– Wydaje mi się, że kluczem do zrozumienia śmierci Andrzeja Leppera jest jego słynne przemówienie w Sejmie – uważa Witold Gadowski, jeden z bohaterów programu Doroty Kani pt. "Gry Tajnych Służb".
Witold Gadowski, dziennikarz śledczy
– Andrzej Lepper w świetnym stylu retorycznym przedstawił obraz elit III RP. Podał po nazwisku polityków, którzy brali łapówki, którzy kontaktowali się z obcymi wywiadami, którzy służyli lobbystom. Powiedział to wprost. To było do tego stopnia szokujące i przerażające, że prowadzący obrady marszałek Borowski kilkukrotnie zdębiał i upominał Leppera czy ten wie co mówi. Lepper odpowiadał, że doskonale zdaje sobie sprawę z tego co mówi. Andrzej Lepper wygłosił najmocniejsze przemówienie w Sejmie po 1989 r. W tym przemówieniu oskarżył kilkunastu polityków (w tym Tuska, Cimoszewicza, Piskorskiego) o konkretne przestępstwa.
Artur Balazs, minister rolnictwa w latach 1999-2001
– Miałem poczucie, że ten człowiek chce coś dobrego zrobić. Jego działania porównywałem trochę do swojej własnej aktywności w Solidarności jeszcze w podziemiu. Uważałem, że ma dobre intencje. Że ma czyste intencje dotyczące rozwiązywania różnych problemów.
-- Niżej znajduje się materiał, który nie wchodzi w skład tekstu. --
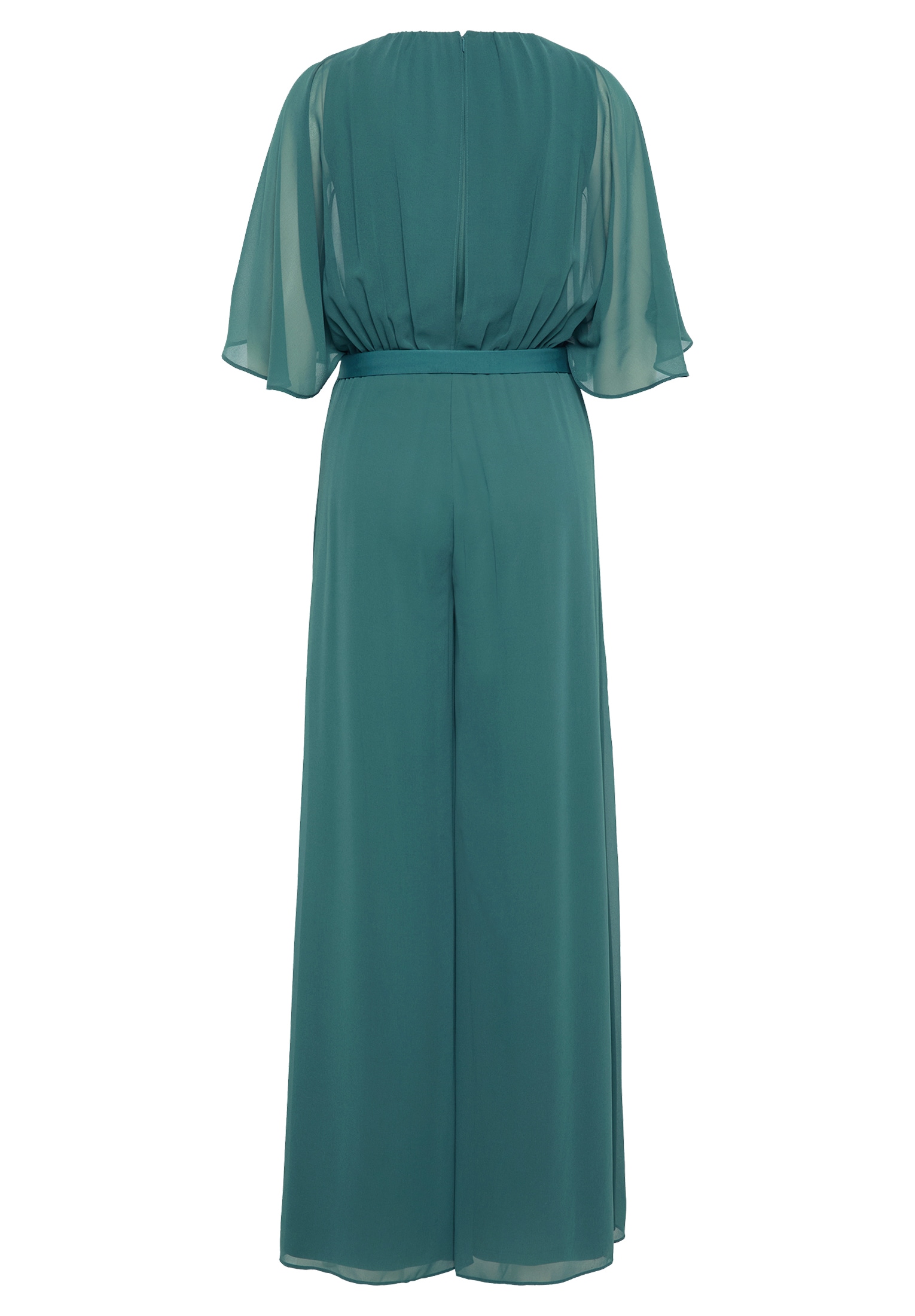 Vera Mont Jumpsuit »Jumpsuit mit Bindegürtel«
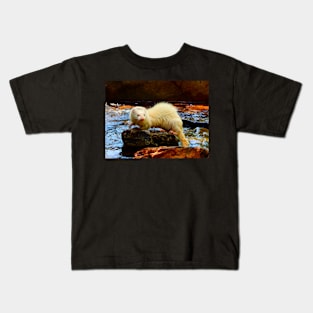 Mink Impostor Kids T-Shirt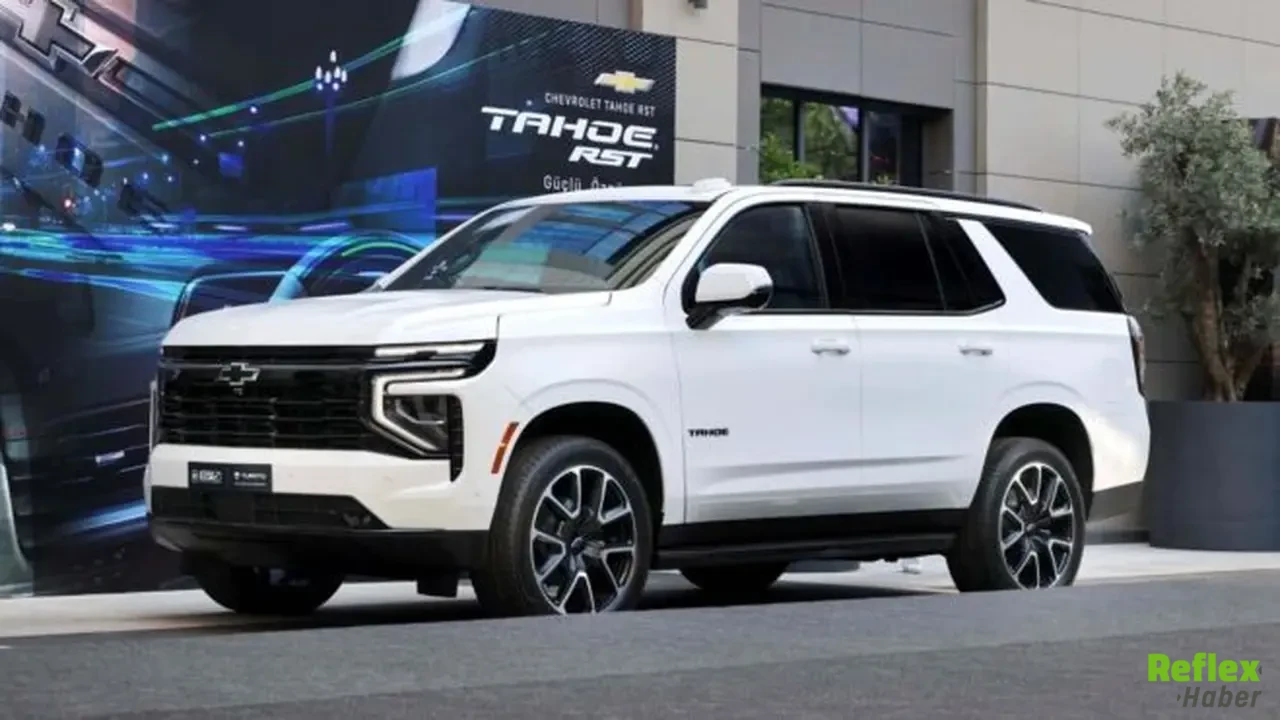 General Motors Türkiye’ye Geri Döndü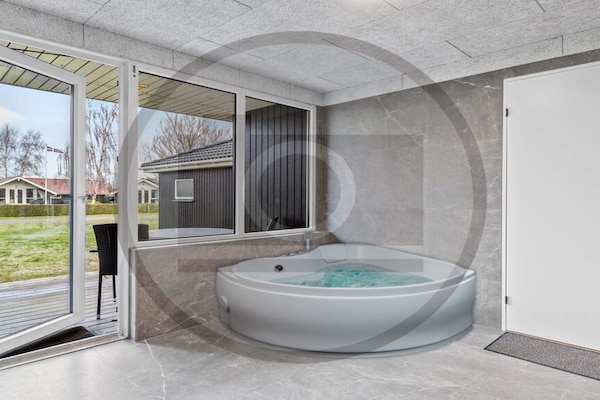 Foto van 4 sterren vakantie huis in Otterup - Vakantiehuis in Otterup - Spa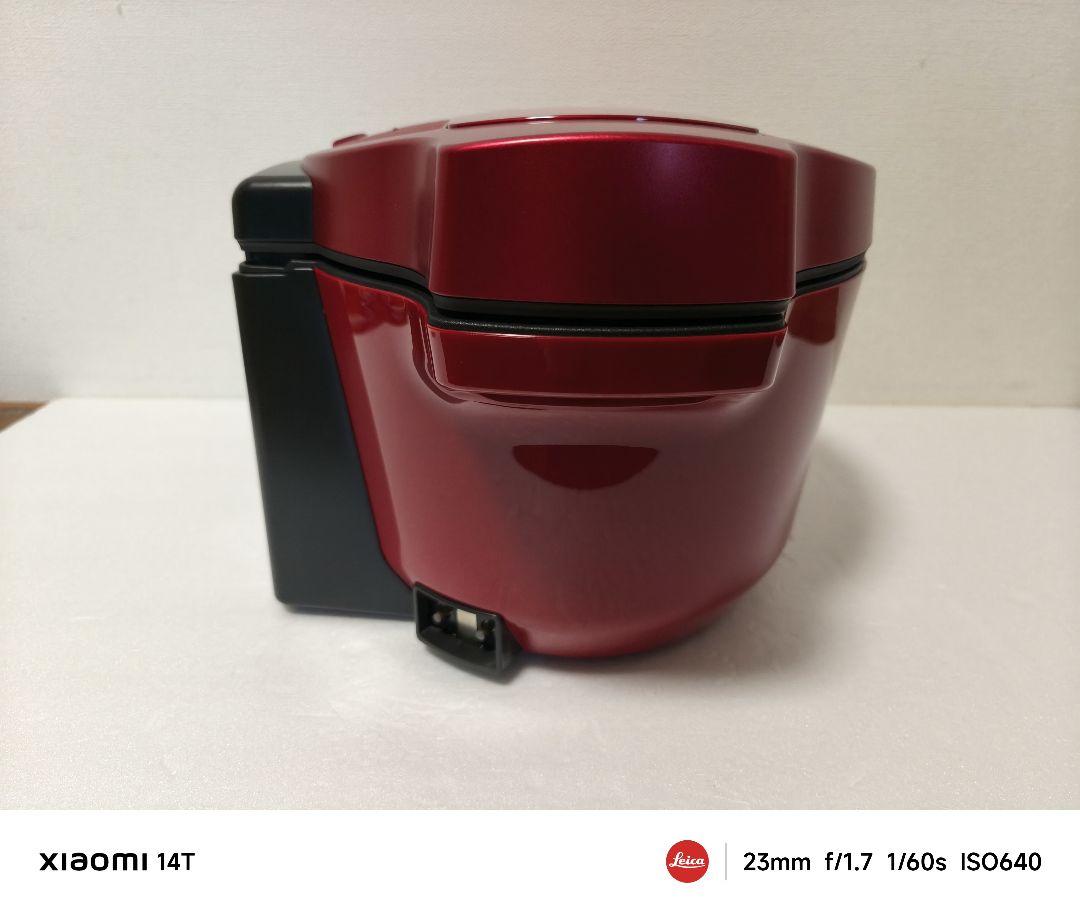 ほぼ未使用 SHARP ヘルシオ ホットクック KN-HT99A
– Jego żona mi opowiadała w szczegółach ostatnie 48 godzin z jego życia. W przededniu śmierci był u siebie w domu, nocował tam. Żona go zachęcał, żeby wrócił na gospodarstwo. Przekonywała go, że Samoobrona już nie wróci do władzy, że syn jest chory. Andrzej przyjął to ze zrozumieniem. Powiedział, że ma ostatni wyjazd do Szczecina. Mówił, że jest to bardzo ważny wyjazd i musi tam coś załatwić. Potem powiedział, że jest w Warszawie i że musi coś bardzo ważnego załatwić. Żona czuła, że Andrzej jest przestraszony, że coś jest nie tak.
Tomasz Sakiewicz, redaktor naczelny "Gazety Polskiej"
– Andrzej Lepper chciał się umówić z Jarosławem Kaczyńskim. Mieliśmy wspólnego informatora, który powiedział, że Lepper chce wyjawić tajemnicę 40. piętra, że chce ze mną porozmawiać oraz przekazać te informacje Jarosławowi Kaczyńskiemu. Powiedziałem, że mogę się spotkać z Lepperem i nic więcej nie obiecywałem. Umówiliśmy się na to spotkanie w Łazienkach. Stał do mnie bokiem na otwartym terenie i cały czas robił wszystko, żeby bardzo słabo było go słychać.